A one-off performance at Manchester’s war museum promises more than you might at first expect.

People do interesting things in Manchester. Take IWM North, the war museum that has found time in its diary to hang Bashir Makhoul’s cardboard encampment in its 55 metre-high Air Shard, place Shamsia Hassani’s large-scale graffiti outside and Imran Qureshi’s small-scale, bloodied watercolours inside – all as part of the Asia Triennial festival that’s currently running across the city. Or take the BBC Philharmonic, the orchestra that has collaborated with both Jarvis Cocker and John Grant this autumn. These are combinations you wouldn’t quite expect – a war museum does Asian art, an orchestra goes pop – and yet such combinations increasingly appear to occupy space in Manchester’s cultural calendar.

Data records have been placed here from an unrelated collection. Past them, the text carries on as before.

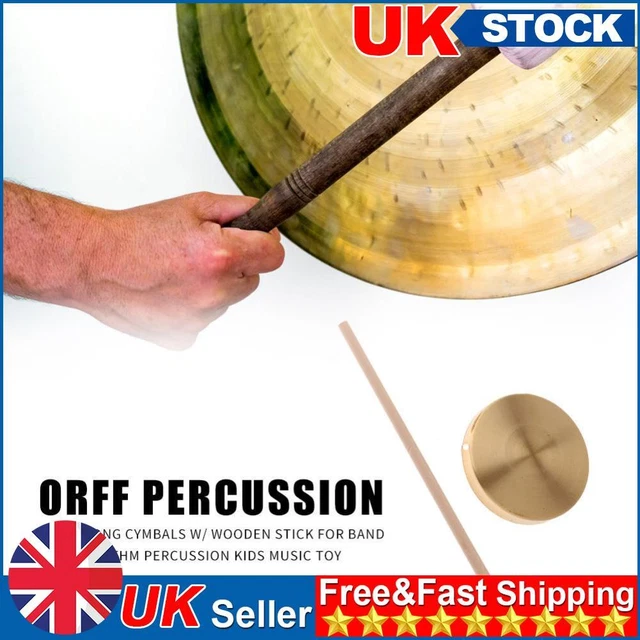 21cm Hand Gong Copper Cymbals with Wooden Stick Chapel Opera Percussion Kids Toy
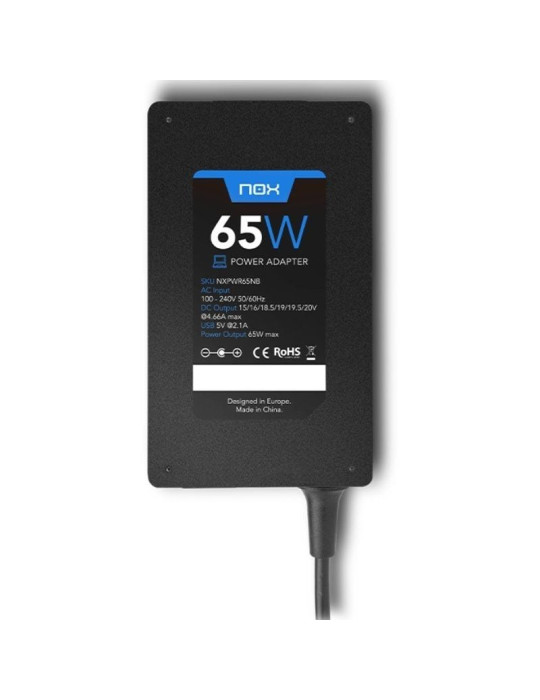 Cargador de Portátil Nox 65W/ 65W/ 1xUSB/ Automático/ 10 Conectores/ Voltaje 15-20V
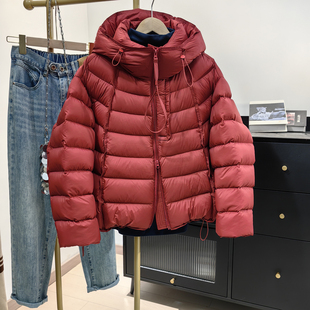 红色排骨连帽羽绒服女冬新款韩版休闲小个子90白鸭绒面包服短外套
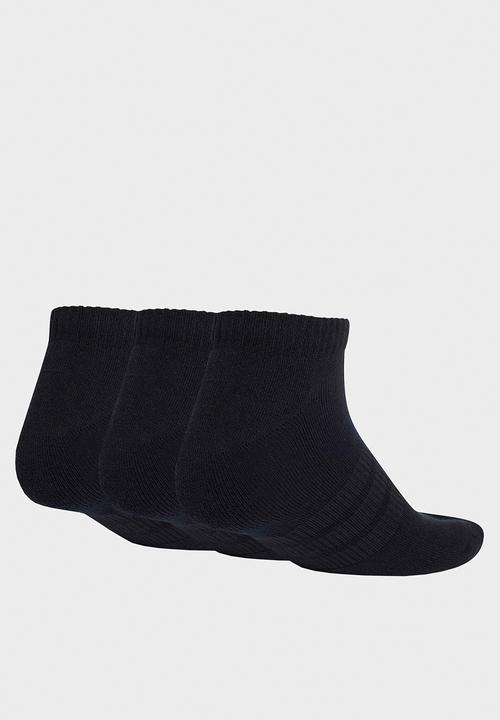 adidas Originals - Cushioned Essentials Low Cut Socks 3 Pk- Black/Blk/Wht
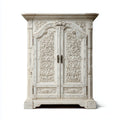 Armoire de chambre à 2 portes blanche 120 x 55 x 200 cm en bois massif rectangulaire sculptée
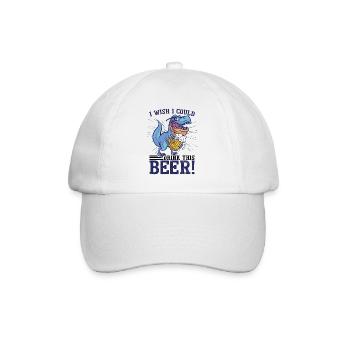 Ich wünschte, ich könnte Bier trinken - Baseballkappe - Weiß/Weiß - Vorne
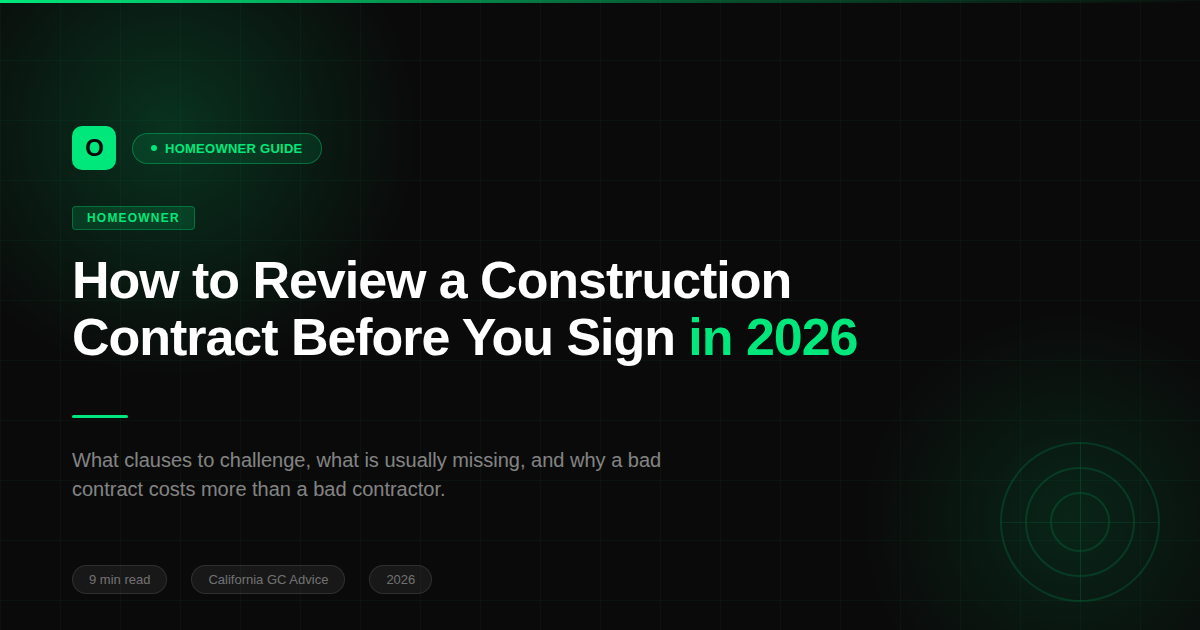 How to Review a Construction Contract Before You Sign in 2026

An immersive performance that features music, drama, true stories, projections and singing

Which brings us to Services No Longer Required. This World War One-inspired event takes place at – you guessed it – IWM North. While the event takes as its starting point a subject matter that the museum must feel entirely at home with, it does so via an immersive performance that features music, drama, true stories and contemporary war stories, projections and singing. The hook for it all comes from the letters sent home from the front line by Arthur Burke, a Salford lad who served during World War One. His letters are also currently on display in IWM North’s current From Street to Trench exhibition.

The music, meanwhile, comes courtesy of a new score written by the composer Richard Taylor and it is performed by – yes, you guessed it – the BBC Philharmonic. Part of the same series that saw the orchestra get together with Jarvis and John, it means we can expect something that feels raw and real, and which combines the old (a war story at a war museum) with the new (a site-specific performance and a premiere to boot). Like we said: people do interesting things in Manchester. Both IWM North and the BBC Phil are worth keeping an eye on.